:: DATA LISTING ::

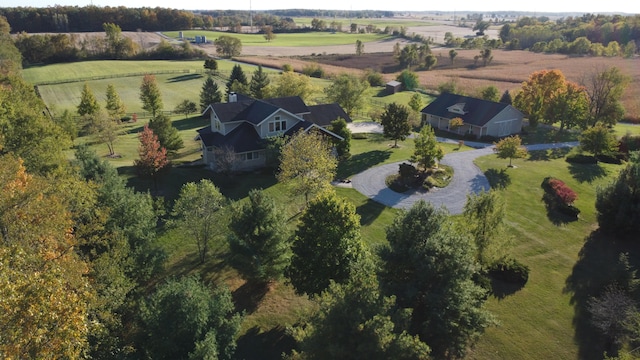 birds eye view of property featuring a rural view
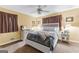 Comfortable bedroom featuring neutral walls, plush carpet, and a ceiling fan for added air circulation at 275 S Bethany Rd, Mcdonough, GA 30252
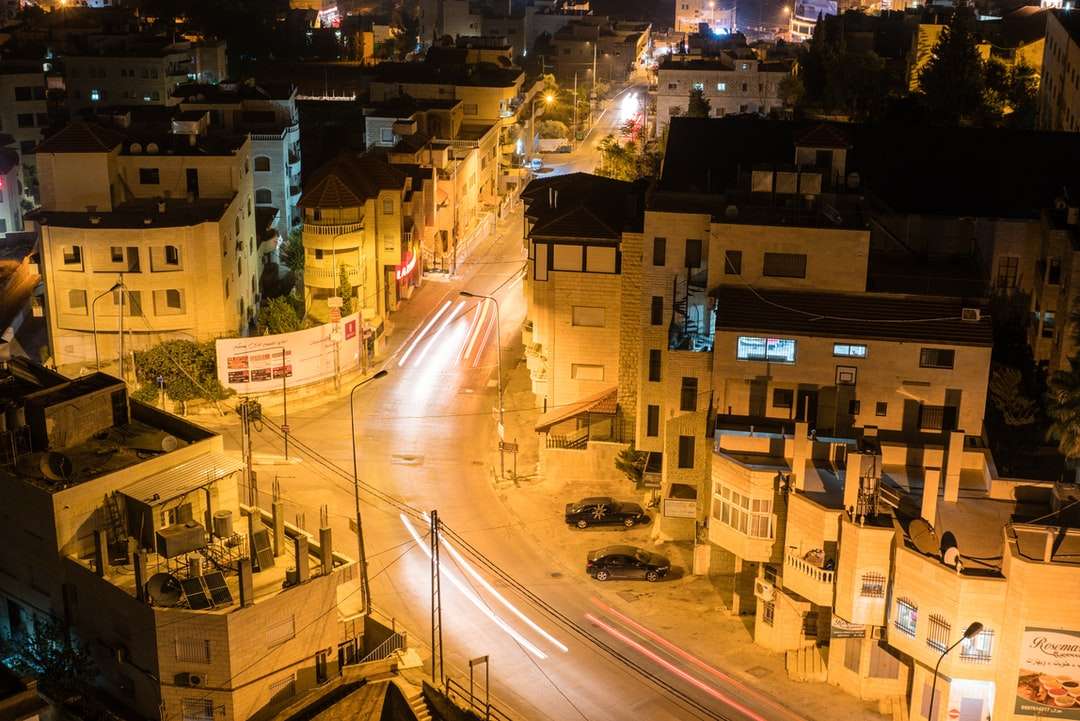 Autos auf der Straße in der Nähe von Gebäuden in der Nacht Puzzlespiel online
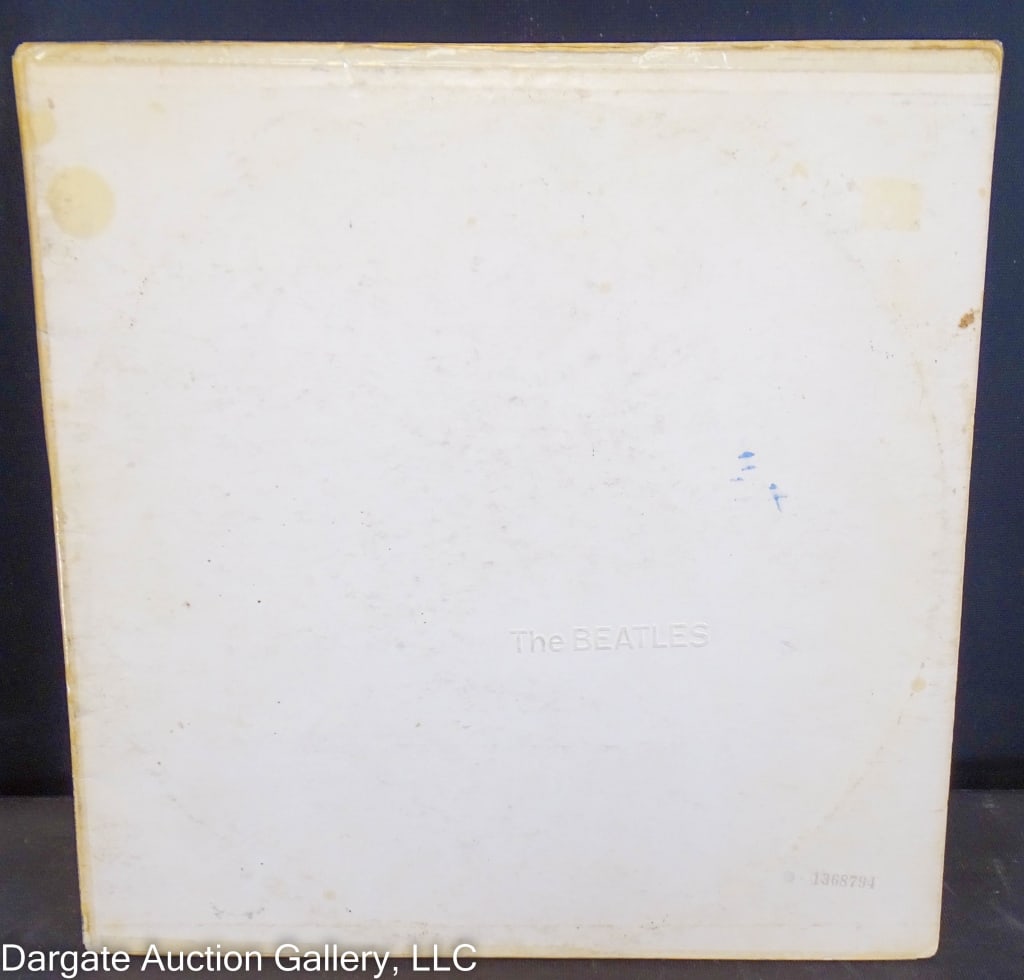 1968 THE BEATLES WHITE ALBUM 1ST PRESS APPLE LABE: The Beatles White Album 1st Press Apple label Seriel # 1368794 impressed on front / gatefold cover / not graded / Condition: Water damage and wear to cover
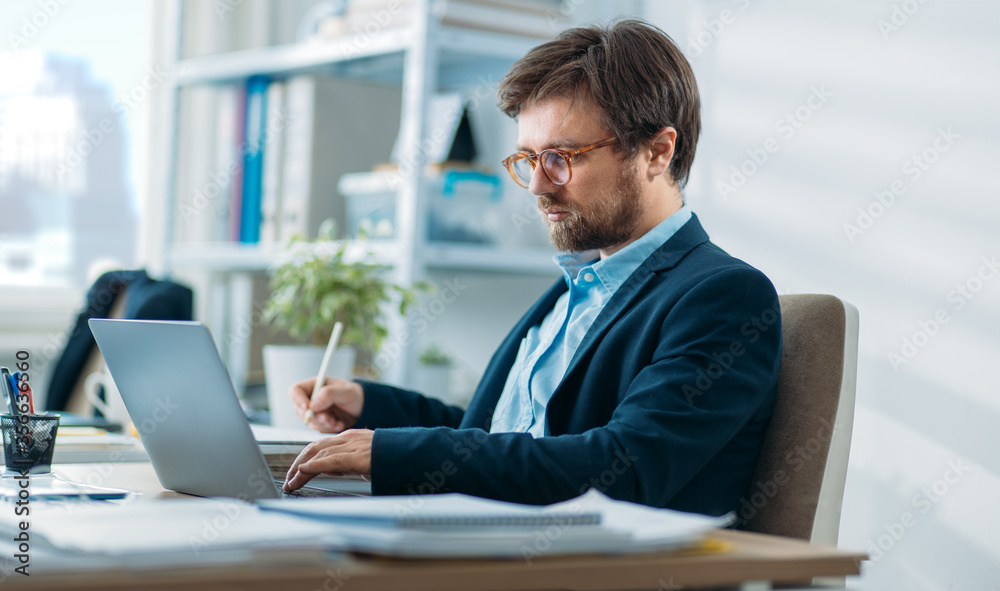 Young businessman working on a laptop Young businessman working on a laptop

==

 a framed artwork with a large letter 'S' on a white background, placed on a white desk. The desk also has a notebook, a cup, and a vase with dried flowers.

:: TASK GOAL ::
Print nothing except the lines above from the one containing "1968 THE BEATLES" down to the one containing "Young businessman working on a laptop Young", both included, exactly as written and free of pictures.

:: WRITTEN RESPONSE ::
 1968 THE BEATLES WHITE ALBUM 1ST PRESS APPLE LABE: The Beatles White Album 1st Press Apple label Seriel # 1368794 impressed on front / gatefold cover / not graded / Condition: Water damage and wear to cover
 Young businessman working on a laptop Young businessman working on a laptop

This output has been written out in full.